- _SUPPLIED RECORDS_:
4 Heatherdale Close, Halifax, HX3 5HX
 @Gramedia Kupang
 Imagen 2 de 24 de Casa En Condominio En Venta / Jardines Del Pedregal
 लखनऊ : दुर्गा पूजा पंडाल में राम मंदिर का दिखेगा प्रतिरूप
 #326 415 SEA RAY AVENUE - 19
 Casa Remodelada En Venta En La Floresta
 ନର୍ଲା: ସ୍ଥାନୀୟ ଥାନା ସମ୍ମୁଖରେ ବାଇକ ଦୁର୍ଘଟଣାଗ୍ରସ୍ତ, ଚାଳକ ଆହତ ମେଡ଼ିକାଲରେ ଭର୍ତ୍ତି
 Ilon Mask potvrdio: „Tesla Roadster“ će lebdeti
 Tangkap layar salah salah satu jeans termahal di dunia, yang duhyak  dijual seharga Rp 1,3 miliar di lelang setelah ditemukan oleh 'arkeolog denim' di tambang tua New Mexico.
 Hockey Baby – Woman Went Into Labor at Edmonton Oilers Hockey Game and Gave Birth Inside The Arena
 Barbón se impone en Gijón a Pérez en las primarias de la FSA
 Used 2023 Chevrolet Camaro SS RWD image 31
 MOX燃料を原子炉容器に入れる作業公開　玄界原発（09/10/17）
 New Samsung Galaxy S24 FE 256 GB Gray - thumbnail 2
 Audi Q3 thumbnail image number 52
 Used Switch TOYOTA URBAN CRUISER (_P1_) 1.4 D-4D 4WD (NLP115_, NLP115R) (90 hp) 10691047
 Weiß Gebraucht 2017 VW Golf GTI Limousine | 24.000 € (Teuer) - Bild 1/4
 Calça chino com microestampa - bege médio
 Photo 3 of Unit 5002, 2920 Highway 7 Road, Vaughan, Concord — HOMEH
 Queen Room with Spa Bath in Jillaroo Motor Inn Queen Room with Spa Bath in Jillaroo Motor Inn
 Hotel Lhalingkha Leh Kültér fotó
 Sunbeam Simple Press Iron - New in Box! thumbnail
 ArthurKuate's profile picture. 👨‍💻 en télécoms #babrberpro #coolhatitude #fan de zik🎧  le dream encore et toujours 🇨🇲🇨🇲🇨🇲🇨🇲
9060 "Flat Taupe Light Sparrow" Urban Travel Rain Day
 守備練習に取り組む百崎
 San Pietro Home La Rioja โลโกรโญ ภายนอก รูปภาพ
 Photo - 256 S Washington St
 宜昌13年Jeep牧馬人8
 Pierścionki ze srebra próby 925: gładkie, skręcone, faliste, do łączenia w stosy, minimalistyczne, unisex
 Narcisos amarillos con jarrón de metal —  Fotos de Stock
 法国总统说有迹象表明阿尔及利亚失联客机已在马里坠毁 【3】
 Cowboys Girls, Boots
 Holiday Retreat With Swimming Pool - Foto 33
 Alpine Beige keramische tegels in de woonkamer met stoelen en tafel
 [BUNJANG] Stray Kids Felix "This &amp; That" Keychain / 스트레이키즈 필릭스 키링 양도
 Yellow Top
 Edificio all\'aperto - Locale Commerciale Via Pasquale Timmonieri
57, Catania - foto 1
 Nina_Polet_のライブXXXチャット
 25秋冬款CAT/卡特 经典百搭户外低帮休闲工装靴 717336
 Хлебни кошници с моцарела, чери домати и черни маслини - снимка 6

- _EXERCISE BRIEF_: Each record above should be transcribed exactly.

- _RESULT FOR THIS TASK_:
4 Heatherdale Close, Halifax, HX3 5HX
 @Gramedia Kupang
 Imagen 2 de 24 de Casa En Condominio En Venta / Jardines Del Pedregal
 लखनऊ : दुर्गा पूजा पंडाल में राम मंदिर का दिखेगा प्रतिरूप
 #326 415 SEA RAY AVENUE - 19
 Casa Remodelada En Venta En La Floresta
 ନର୍ଲା: ସ୍ଥାନୀୟ ଥାନା ସମ୍ମୁଖରେ ବାଇକ ଦୁର୍ଘଟଣାଗ୍ରସ୍ତ, ଚାଳକ ଆହତ ମେଡ଼ିକାଲରେ ଭର୍ତ୍ତି
 Ilon Mask potvrdio: „Tesla Roadster“ će lebdeti
 Tangkap layar salah salah satu jeans termahal di dunia, yang duhyak  dijual seharga Rp 1,3 miliar di lelang setelah ditemukan oleh 'arkeolog denim' di tambang tua New Mexico.
 Hockey Baby – Woman Went Into Labor at Edmonton Oilers Hockey Game and Gave Birth Inside The Arena
 Barbón se impone en Gijón a Pérez en las primarias de la FSA
 Used 2023 Chevrolet Camaro SS RWD image 31
 MOX燃料を原子炉容器に入れる作業公開　玄界原発（09/10/17）
 New Samsung Galaxy S24 FE 256 GB Gray - thumbnail 2
 Audi Q3 thumbnail image number 52
 Used Switch TOYOTA URBAN CRUISER (_P1_) 1.4 D-4D 4WD (NLP115_, NLP115R) (90 hp) 10691047
 Weiß Gebraucht 2017 VW Golf GTI Limousine | 24.000 € (Teuer) - Bild 1/4
 Calça chino com microestampa - bege médio
 Photo 3 of Unit 5002, 2920 Highway 7 Road, Vaughan, Concord — HOMEH
 Queen Room with Spa Bath in Jillaroo Motor Inn Queen Room with Spa Bath in Jillaroo Motor Inn
 Hotel Lhalingkha Leh Kültér fotó
 Sunbeam Simple Press Iron - New in Box! thumbnail
 ArthurKuate's profile picture. 👨‍💻 en télécoms #babrberpro #coolhatitude #fan de zik🎧  le dream encore et toujours 🇨🇲🇨🇲🇨🇲🇨🇲
9060 "Flat Taupe Light Sparrow" Urban Travel Rain Day
 守備練習に取り組む百崎
 San Pietro Home La Rioja โลโกรโญ ภายนอก รูปภาพ
 Photo - 256 S Washington St
 宜昌13年Jeep牧馬人8
 Pierścionki ze srebra próby 925: gładkie, skręcone, faliste, do łączenia w stosy, minimalistyczne, unisex
 Narcisos amarillos con jarrón de metal —  Fotos de Stock
 法国总统说有迹象表明阿尔及利亚失联客机已在马里坠毁 【3】
 Cowboys Girls, Boots
 Holiday Retreat With Swimming Pool - Foto 33
 Alpine Beige keramische tegels in de woonkamer met stoelen en tafel
 [BUNJANG] Stray Kids Felix "This &amp; That" Keychain / 스트레이키즈 필릭스 키링 양도
 Yellow Top
 Edificio all\'aperto - Locale Commerciale Via Pasquale Timmonieri
57, Catania - foto 1
 Nina_Polet_のライブXXXチャット
 25秋冬款CAT/卡特 经典百搭户外低帮休闲工装靴 717336
 Хлебни кошници с моцарела, чери домати и черни маслини - снимка 6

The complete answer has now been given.